6. Check the chute/crank handle operation, make sure it does not bind at any point.
7. If it binds up at any point give a a slighlty larger clearance, if it is good tighten the retaining nut properly.

NOTE: It would be wise to lube the chute and crank handle gear before you start the adjustment procedure.


----------



## bwdbrn1 (Nov 24, 2010)

Peterkoch said:


> Thanks, my googling efforts lead me to believe that that the tracts from the newer honda snow blowers will not fit the old HS line. Apparently, the new one have alternating ribs vs. straight ribs of the older machines.
> Would it be nice if the tracks from the cub cadet or other similar snow blowers of the same vintage fit, since these are readily available.

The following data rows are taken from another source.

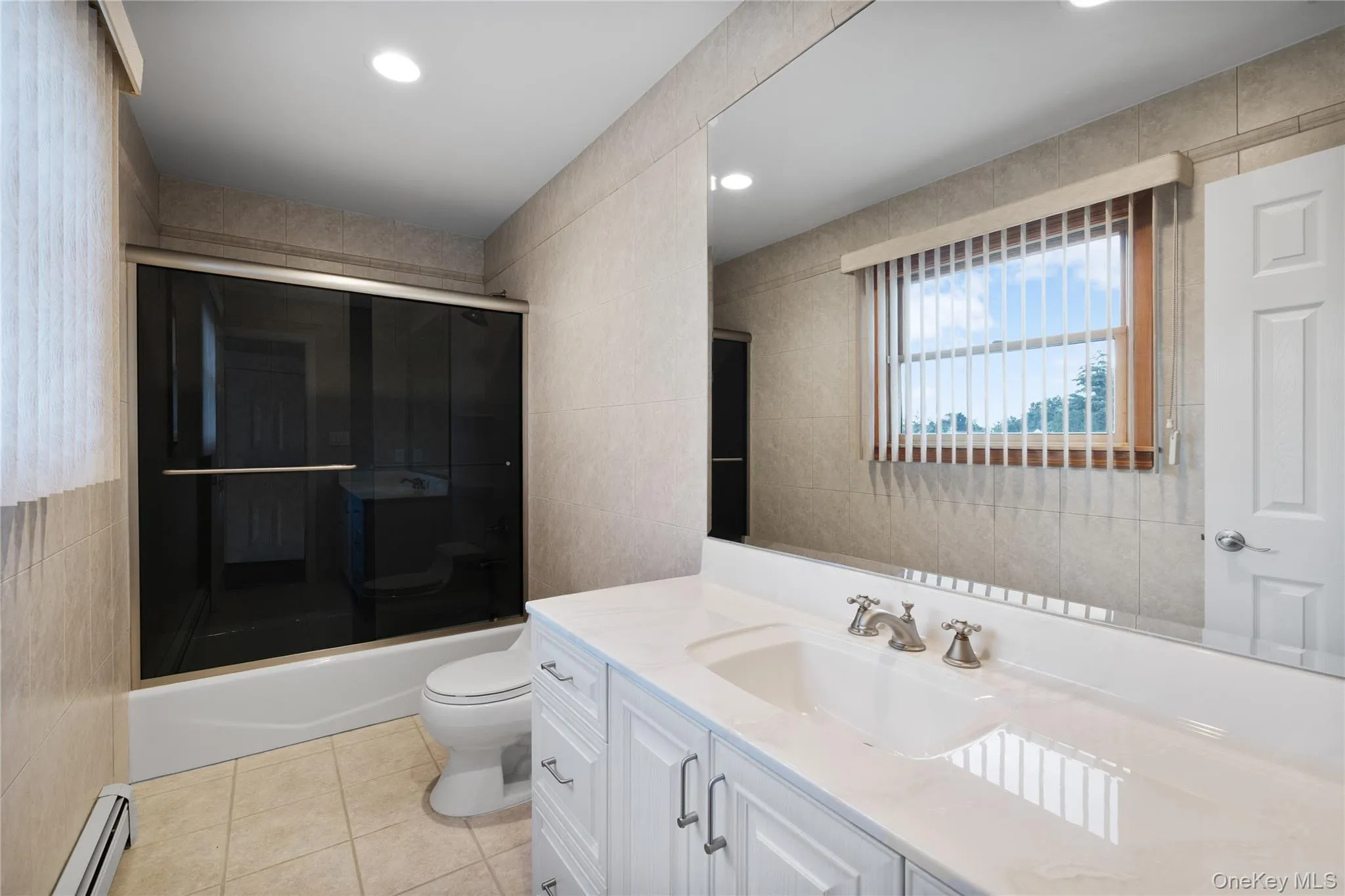 24 South Plaza, Babylon, NY, 5 Bedrooms Bedrooms, 10 Rooms Rooms,4 BathroomsBathrooms,Residential,For Rent,South,0,1050616 24 South Plaza, Babylon, NY, 5 Bedrooms Bedrooms, 10 Rooms Rooms,4 BathroomsBathrooms,Residential,For Rent,South,0,1050616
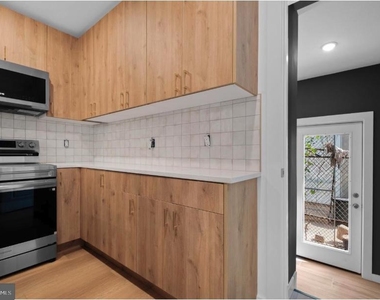 2215 N Mutter Street - Photo Thumbnail 3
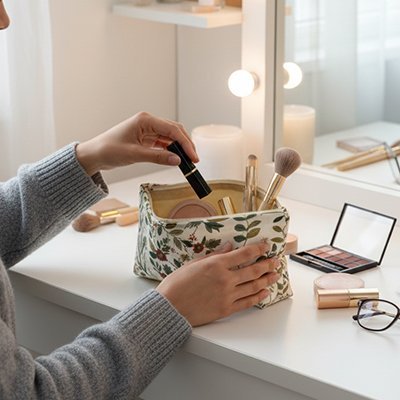 Pochette pour maquillage avec femme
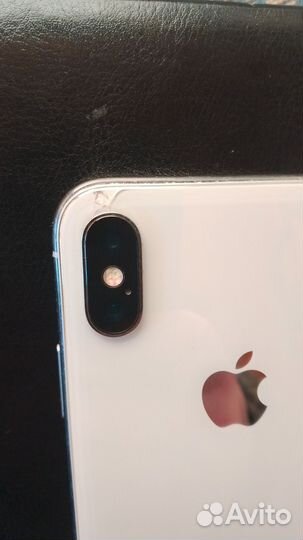 iPhone X, 64 ГБ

You're right, the "teeth" on the HS622 do alternate. I wasn't aware that there was a difference like that in the older models.


----------



## sidegrinder (Apr 18, 2015)

Those tracks should be the same as found on the old HS-50 and HS-55 (p/n 42755-732-901). I have a few used sets in good condition. Feel free to PM me if you're interested.


----------



## [email protected] (Nov 21, 2011)

The track (Honda Part Number 42755-732-901) on the HS80 was also used on these Honda models too:

HS50
HS55
HS55K1
HS55K2
HS70
HS80
HS80K1

The bad news is that track was officially discontinued by Honda way back in January 2004. Not too bad, considering the last model it was used on (HS80K1) was last sold in 1988.


----------



## bwdbrn1 (Nov 24, 2010)

Keep checking ebay. NOS parts show up there every now and then from dealers clearing out old inventory.


----------



## Dodge (Sep 13, 2014)

*Track Replacement Idea*

If you find a good track that is still the best solution. That is what I would do. Most have been around the block a few times and have age related cracking at the stress points, thus the issue at hand. 

The day will be here when none can be found but I think I have a solution. I have not done this yet so I don't have proof of concept. 

If you look at the side of an HSxx series track you will see a series of raised dots at 60mm intervals. This is the track pitch interval or the space between internal teeth. Most manufacturer's snowblower tracks use this dimension but not all. The Honda HSxx series has 18 sections and the next closest thing is a 20 section track used typically on the HS724.

Robert at Honda's list would indicate quite a number of blowers are still out there all with the same 18 pitch length track and all with no current replacement. 

If you look at the description in the parts diagrams you can see the number 12-60 X 20 on an HS724 track. It has 20, 60mm sections.

This track is 120 mm longer than we need but that means the crawler back plates need only be extended longer by 60mm to fit this track.

Nothing else needs to be changed to do this mod, but, I am not going to say that for 100% certain until someone actually does this modification.

Looking at the crawler back plates I would cut them on a line just ahead of the track tensioner slot and add a 60 mm section to extend them. 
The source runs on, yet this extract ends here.